By Shayna Jacobs, Jason Tucker, Alexandra Cheney and Jon Schuppe

DNAinfo staff

MANHATTAN — Soledad Larios is haunted by the image of her teenage son dying of gunshot wounds in their Harlem lobby.

The widow of Eugene Blount still fumes that news accounts of her husband’s killing mentioned his criminal past, but nothing about the three sons he was raising.

Ariel Almanzar’s mother has refused to move anything in his bedroom since the day he was stabbed to death in a Washington Heights nightclub fight.

Nancy Belotte can’t believe that in such a busy city, her son was attacked and left to die on a Lower East Side street.

Behind the statistics showing that murder is on the rise this year in Manhattan, there are stories like these, involving a cross section of the city: wealthy, poor, elderly, children, criminals, innocents.  They died in public housing projects and in five-star hotels. One was working. Others were partying. A few received heavy media coverage. Most did not.

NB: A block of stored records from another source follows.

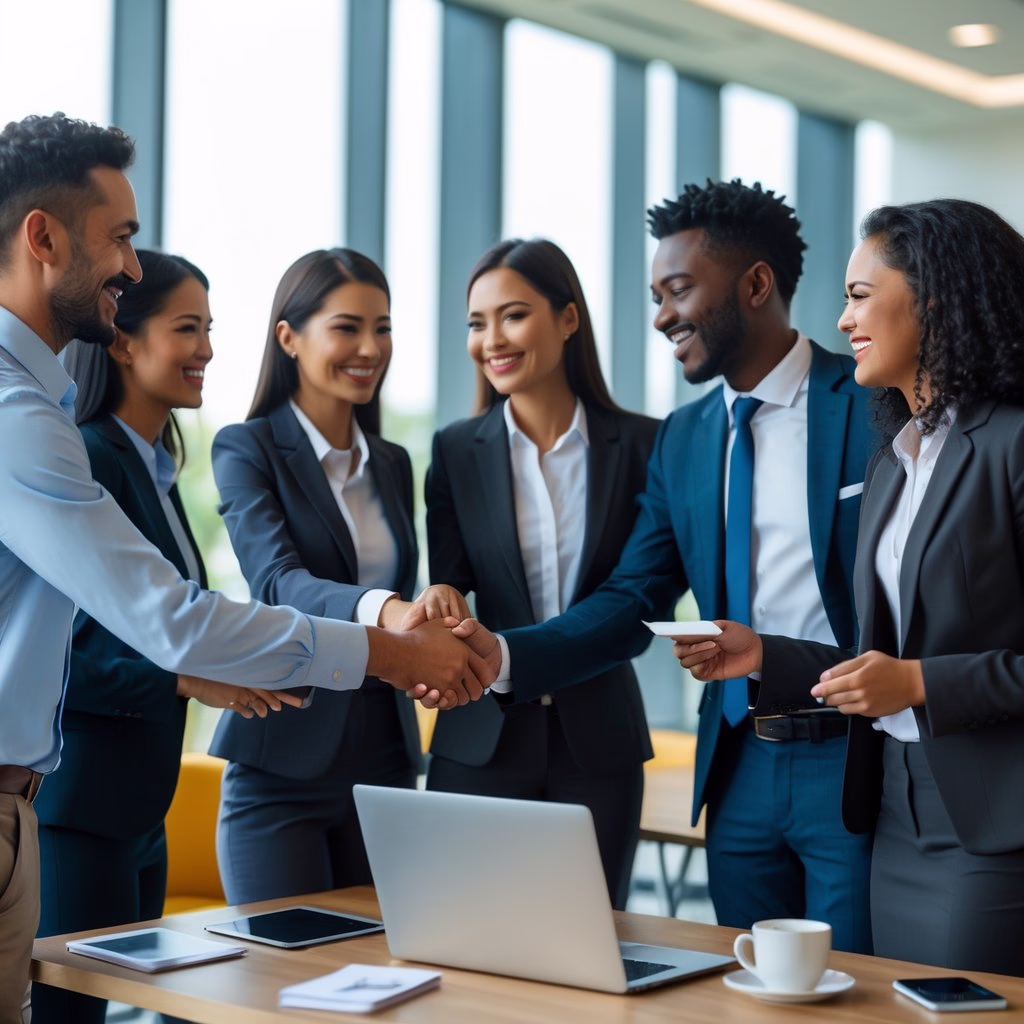 A diverse group of business professionals networking and conversing in a bright conference room.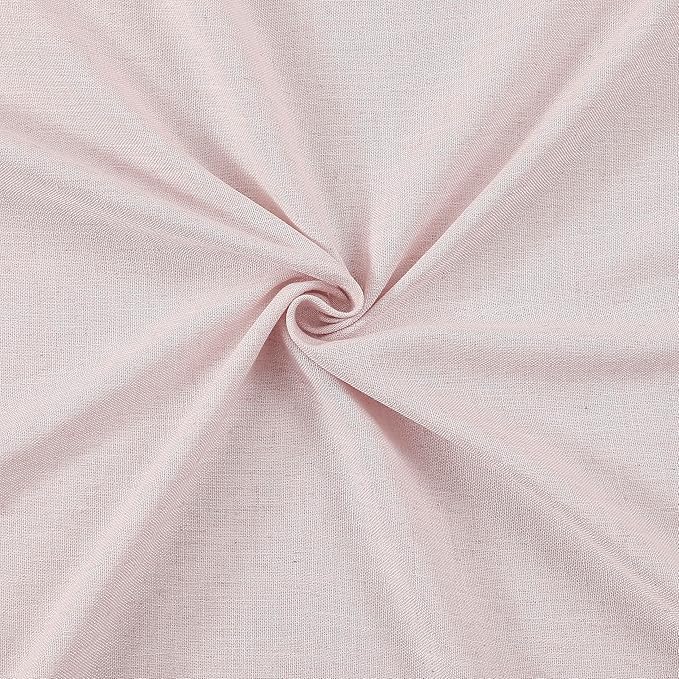 Vision Home Soft Pink Pinch Pleated Semi Sheer Curtains Textured Linen Blended Light Filtering Window Curtains 72 inch for Living Room Bedroom Patio Pinch Pleat Drapes with Hooks 1 Panel 60" Wx72 L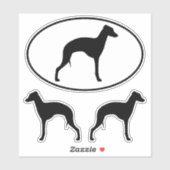 Italian Greyhound Silhouette Profiel Sticker Set (Vel)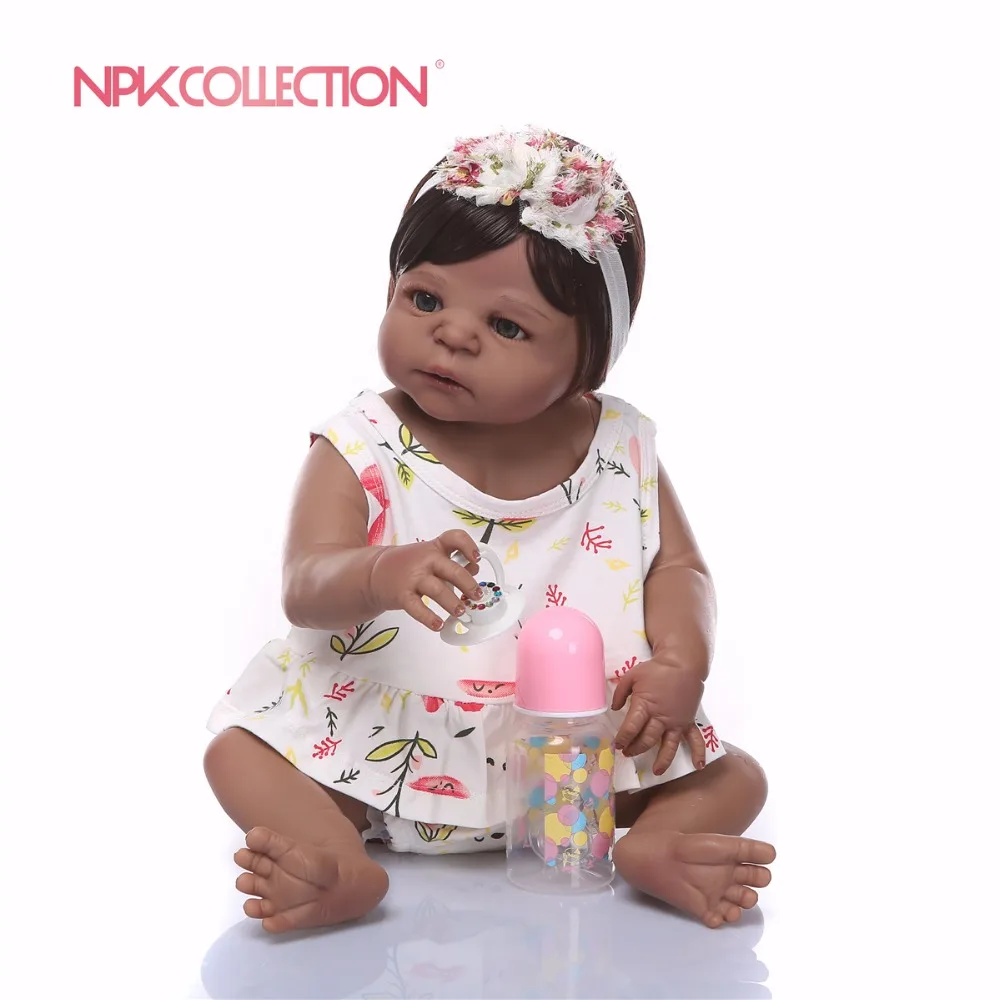 NPKCOLLECTION 2018 новый дизайн черная Детская кукла цельное Силиконовое тело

Many of the murders have not yet been solved. But even in cases where the killer has been caught, families often do not feel closure.

Larios’ 17-year-old son, Ruben, was gunned down in Harlem Feb. 5 by a 24-year-old Bronx man who, police said, had followed him home and ambushed him after getting turned away from a party.

“He had a job, he was trying to help our quality of life, and he was killed,” the mother said. “Where’s the justice in that?”

As of March 28, there were 18 murders in Manhattan, up from nine during the same period last year. That reflects a wider increase in murders across the city, where there were 109 through March 28, up 22.5 percent from last year.

The trend is troubling because New Yorkers have grown accustomed to plummeting crime statistics. Crime numbers reached a historic low in the city last year, when there were 491 murders, compared to 2,262 in 1990. Fifty-eight of the 2009 murders were in Manhattan.

Mayor Michael Bloomberg and Police Commissioner Raymond Kelly blame the murder jump on budget cuts that have shrunk the NYPD’s ranks. The department has lost 6,000 officers since 2001, and will lose another 2,000 under the proposed budget for the coming fiscal year, Kelly said last week.

Among this year’s victims was 30-year-old Sondy Thelamy. He was found lying on Essex Street with massive head wounds in the early morning of March 20. Police are searching for three people they want to question about the crime.

“Nobody [on the street] cares about people’s lives,” his mother, Nancy Belotte, said. "It shouldn’t be happening like that.”

She added that after her son was taken off life support, his family donated his organs.

Almanzar, who was studying to be a pharmacy technician at Monroe College, was trying to break up a fight outside the Vibe Lounge when he was stabbed in the chest, his mother, Myra Almanzar, said. She remembers following the ambulance to the hospital, but he was dead by the time she arrived.

She won’t move anything in his bedroom: the clothes, the laptop, his North Face backpack hanging on the wall.

“His friends come over and sit in his room and drink to him, but they don’t move anything, they don’t touch anything,” Myra Alamanzar said.

Anthony Maldonado, 8, was allegedly stabbed to death by a mentally ill cousin on Morningside Heights while they played video games on Jan. 2. At the boy’s home in Palisades Park, N.J., last week, his 4-year-old sister, Caterina, pointed at photos of him and said his name repeatedly.

Their grieving mother, Delores Juela, said she still expects him to walk through the door.

“I think maybe he’s coming home,” Juela said. “It’s too hard for me.”